かかる構成により、ガントリー回転によるSOBPの一様度悪化を抑制し得るものとなる。
【0014】
(2)上記(1)において、好ましくは、前記荷電粒子ビーム発生装置は、患部に対する荷電粒子ビームの照射角を変える回転ガントリを備え、前記荷電粒子ビーム照射装置は、前記回転ガントリーの角度が変わっても前記レンジモジュレーションホイールへのビーム入射形状が変わらないように、前記レンジモジュレーションホイールの荷電粒子ビーム通過位置を、前記回転ガントリの角度に応じて変える制御手段を備えるようにしたものである。
【0015】
(3)上記(2)において、好ましくは、前記制御手段は、前記レンジモジュレーションホイールの回転位置に応じて、前記荷電粒子ビーム発生装置から発生する荷電粒子ビームのON/OFFを制御するようにしたものである。
【0016】
(4)上記(3)において、好ましくは、前記制御手段は、前記レンジモジュレーションホイールの回転中心と前記前記荷電粒子ビームの通過位置の距離をY1とするとき、前記回転ガントリの角度がθ変化した際に、前記レンジモジュレーションホイールを、荷電粒子ビーム進行方向に対して直交するX−Y平面内で、X軸方向に−Y1・sinθ移動し、Y軸方向に−Y1−Y1・cosθ移動するように、前記レンジモジュレーションホイールの位置を制御するようにしたものである。
【0017】
(5)上記(4)において、好ましくは、前記レンジモジュレーションホイール回転装置は、前記レンジモジュレーションホイールを回転駆動する第1の駆動源と、前記レンジモジュレーションホイールを移動する第2の駆動源とを備え、前記制御手段は、前記第2の駆動源を制御して、前記レンジモジュレーションホイールの位置を制御するようにしたものである。
【0018】
(6)上記(5)において、好ましくは、前記第2の駆動源は、前記レンジモジュレーションホイールを、荷電粒子ビーム進行方向に対して直交するX−Y平面内で、X軸方向に駆動する第1のモータと、Y軸方向に駆動する第2のモータとから構成されるものである。
【0019】
(7)上記(5)において、好ましくは、前記第2の駆動源は、前記レンジモジュレーションホイールを、荷電粒子ビーム進行方向に対して直交するX−Y平面内で、荷電粒子ビーム通過位置を中心にして回転するモータから構成されるものである。
【0020】
(8)上記(3)において、好ましくは、前記レンジモジュレーションホイールは、回転中心から半径方向に延びるとともに、周方向において階段状に配置され、前記荷電粒子ビームの通過厚みが異なる複数の平面領域を備え、前記荷電粒子ビームは、前記レンジモジュレーションホイールの前記平面領域を通過する部分において、楕円形状の断面形状を備え、前記制御手段は、前記回転ガントリの角度を変えた場合にも、前記荷電粒子ビームの長径方向と前記レンジモジュレーションホイールの径方向の位置関係が変わらないように、前記レンジモジュレーションホイールの荷電粒子ビーム通過位置を変えるようにしたものである。
【発明の効果】
【0021】
本発明によれば、ガントリー回転によるSOBPの一様度悪化を抑制できるものとなる。
【発明を実施するための最良の形態】
【0022】
以下、図1〜図6を用いて、本発明の第1の実施形態による粒子線治療装置の構成及び動作について説明する。
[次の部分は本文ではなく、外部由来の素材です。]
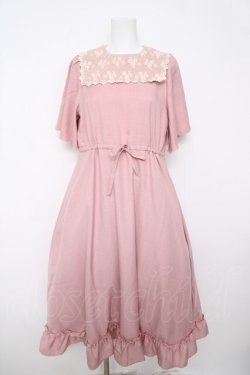 画像1: m petit by misako / レースセーラー襟ワンピース S 中桃 Y-26-03-18-163-LO-OP-SZ-ZY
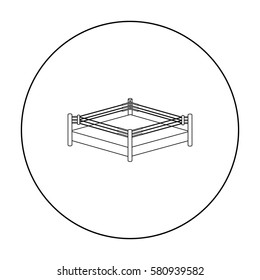 Boxing ring icon in outline style isolated on white background. Boxing symbol stock vector illustration.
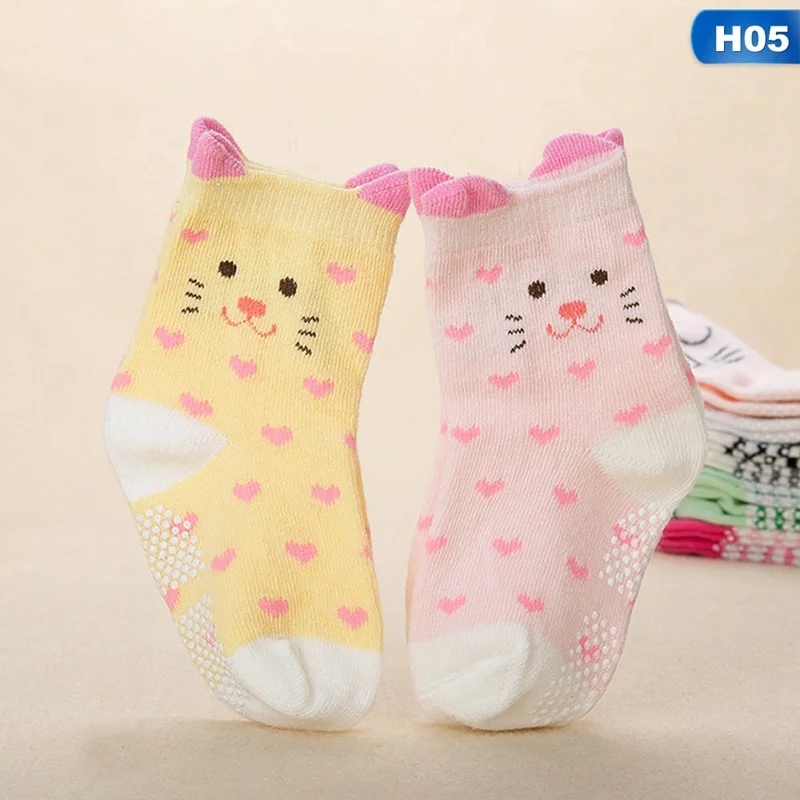 2 пар/компл. с рисунком персонажей из мультфильмов детские носки с объемными ушами Детские носки нескользящие носки-тапочки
最初に、図1を用いて、本実施形態による粒子線治療装置の全体構成について説明する。
図1は、本発明の第1の実施形態による粒子線治療装置の全体構成を示すシステム構成図である。
【0023】
本実施形態の粒子線治療装置1は、荷電粒子ビーム発生装置2と、荷電粒子ビーム照射装置である照射野形成装置(荷電粒子ビーム照射装置)13を備える。荷電粒子ビーム発生装置2は、イオン源(図示せず)、前段加速器3及びシンクロトロン4を有する。イオン源で発生したイオン(例えば、陽子、または炭素イオン)は、前段加速器(例えば直線加速器)3で加速される。前段加速器3から出射されたイオンビーム(荷電粒子ビーム)はシンクロトロン4に入射される。このイオンビームは、シンクロトロン4で、高周波加速空胴5から印加される高周波電力によってエネルギーを与えられて加速される。シンクロトロン4内を周回するイオンビームのエネルギーが設定されたエネルギーまでに高められた後、出射用の高周波印加装置6から高周波が周回しているイオンビームに印加される。安定限界内で周回しているイオンビームは、この高周波の印加によって安定限界外に移行し、出射用デフレクタ7を通ってシンクロトロン4から出射される。イオンビームの出射の際には、シンクロトロン4に設けられた四極電磁石8及び偏向電磁石9等の電磁石に導かれる電流が設定値に保持され、安定限界もほぼ一定に保持されている。高周波印加装置6への高周波電力の印加を停止することによって、シンクロトロン4からのイオンビームの出射が停止される。
【0024】
シンクロトロン4から出射されたイオンビームは、イオンビーム輸送系10を経て照射野形成装置13に達する。イオンビーム輸送系10の一部である逆U字部11及び照射野形成装置13は、回転可能な回転ガントリー17に設置される。照射野形成装置13から治療台(ベッド)14に乗っている患者15の患部に照射される。
【0025】
治療計画装置100は、患部の位置や大きさに基づいて、治療計画を策定する。治療計画には、イオンビームの照射方向,照射量等の情報が含まれる。治療計画の情報は、照射制御装置110に送出される。照射制御装置110は、治療計画に基づいて、粒子線治療装置110の各部を制御する。具体的には、イオンビームの照射方向の情報に基づいて、照射制御装置110は、回転駆動装置120を用いて、回転ガントリー17を回転させ、イオンビームの照射方向を変える。回転ガントリー17の回転角度は、例えば、0度〜360度[情2]である。また、照射量の情報に基づいて、照射制御装置110は、出射用デフレクタ7のオン・オフを制御する。
【0026】
さらに、本実施形態においては、照射制御装置110は、回転ガントリー17の回転角度、照射野形成装置13の内部のRMW装置(レンジモジュレーションホイール回転装置)のイオンビームが当たる位置を制御している。なお、[情3]RMW装置(レンジモジュレーションホイール回転装置)の詳細構成については、図2以降を用いて後述する。また、照射制御装置110は、RMW装置(レンジモジュレーションホイール回転装置)の回転角度に同期して、出射用デフレクタ7のオン・オフを制御する。
【0027】
次に、図2を用いて、本実施形態による粒子線治療装置1に用いられる照射野形成装置13の構成について説明する。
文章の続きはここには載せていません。